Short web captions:
---------------

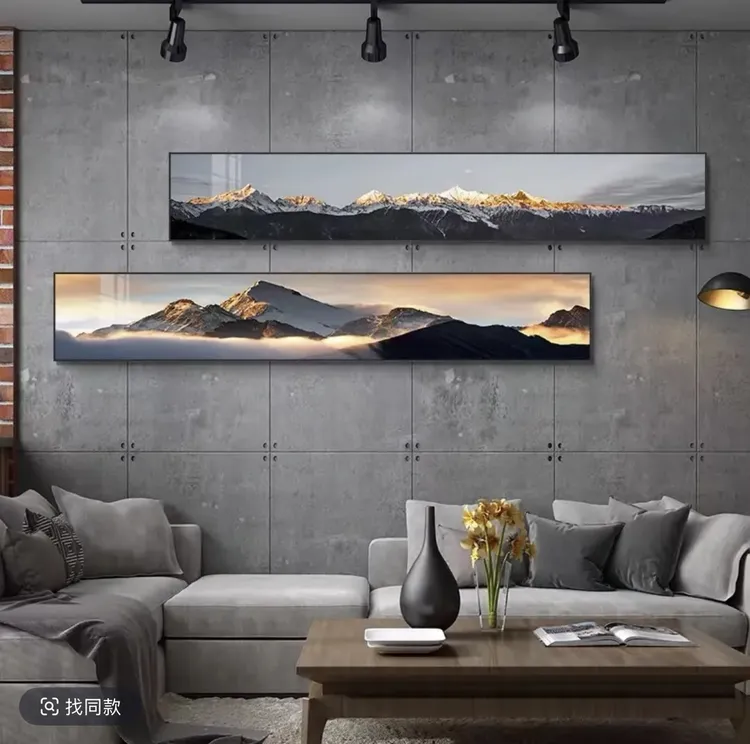 梅里雪山长条组合客厅装饰画现代轻奢简约沙发背景墙挂画客厅壁画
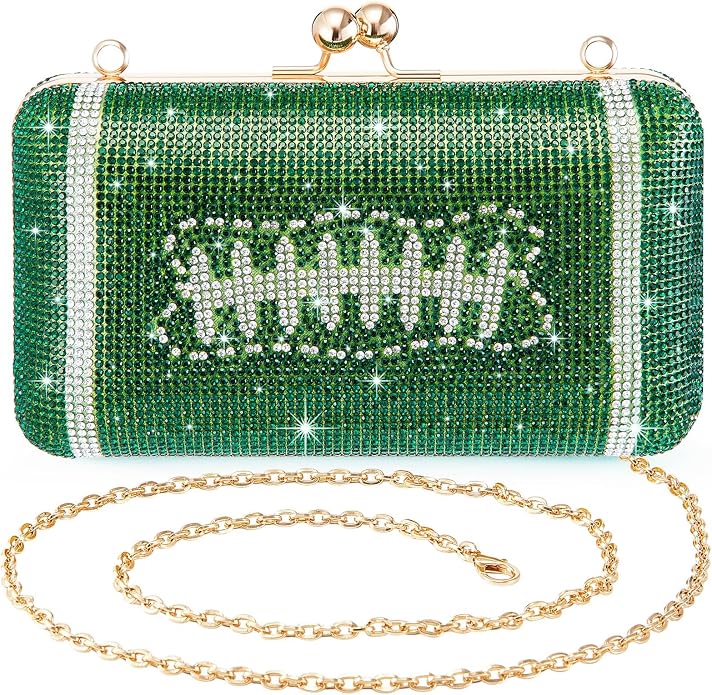 Luxe Turf Green Rhinestone Crystal Football Purse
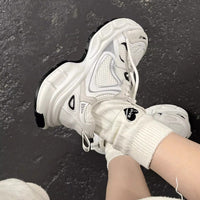 Damen Sportliche Laufschuhe mit atmungsaktiver Mesh-Oberfläche und dämpfender Sohle – Weiß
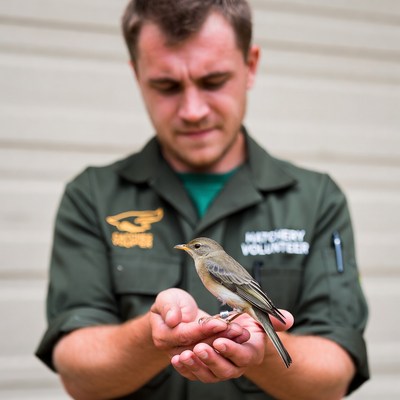 Man holding small bird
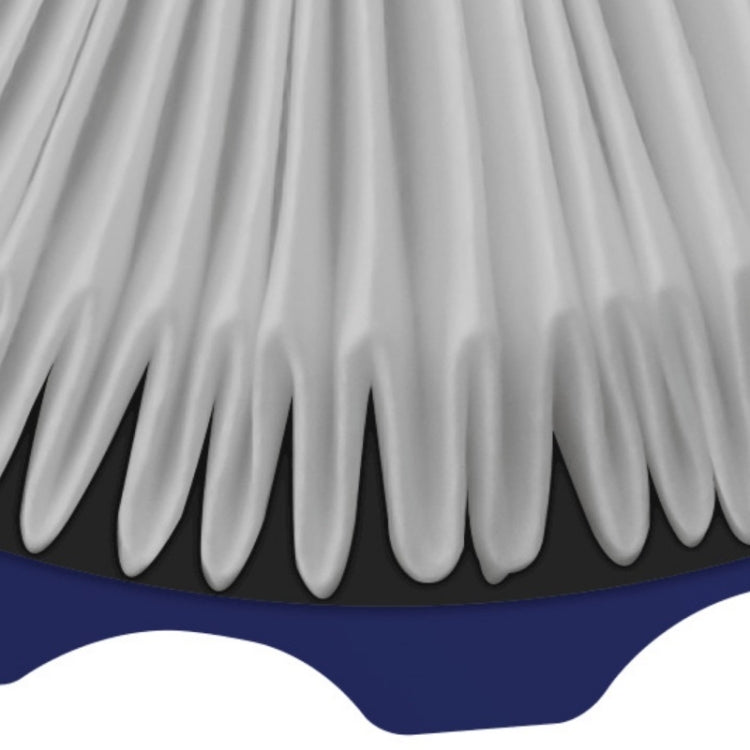 White pleated HEPA filter pleats with blue base edge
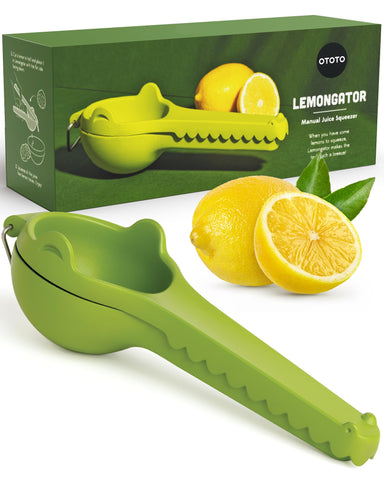 OTOTO Lemongator exprimidor limón, agarre cómodo para jugo rápido.
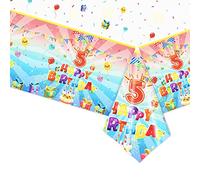 Nappe Joyeux 5ème Anniversaire pour Bébé et Enfant, 137 x 274 cm Rectangle Nappe « Happy 5th Birthday » pour Enfants, Plastique Nappe de Table pour Fête d'Anniversaire de Mariage, Fournitures de Table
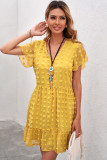 Yellow Polka Dot V Neck Ruffled Short Sleeves Mini Dress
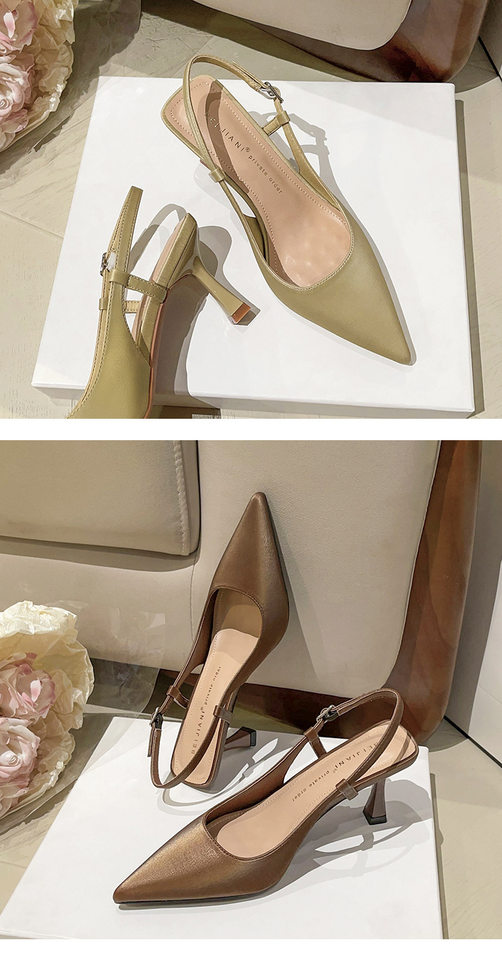 Giày sandal nữ bít mũi mũi nhọn gót mảnh quai ngang, gót 6–8 cm — Màu nâu, Màu trắng be, Màu vàng nhạt chi tiết 15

---------------

> [WHAT THE EXERCISE ASKS]:
Leaving out the pictures, return exactly the lines from the one that contains "Luxe Turf Green" through the last line of the records above, inclusive.

> [SOLUTION FOR THIS TASK]:
 Luxe Turf Green Rhinestone Crystal Football Purse
 Damen Sportliche Laufschuhe mit atmungsaktiver Mesh-Oberfläche und dämpfender Sohle – Weiß
 Man holding small bird
 White pleated HEPA filter pleats with blue base edge
 OTOTO Lemongator exprimidor limón, agarre cómodo para jugo rápido.
 Nappe Joyeux 5ème Anniversaire pour Bébé et Enfant, 137 x 274 cm Rectangle Nappe « Happy 5th Birthday » pour Enfants, Plastique Nappe de Table pour Fête d'Anniversaire de Mariage, Fournitures de Table
 Yellow Polka Dot V Neck Ruffled Short Sleeves Mini Dress
 Giày sandal nữ bít mũi mũi nhọn gót mảnh quai ngang, gót 6–8 cm — Màu nâu, Màu trắng be, Màu vàng nhạt chi tiết 15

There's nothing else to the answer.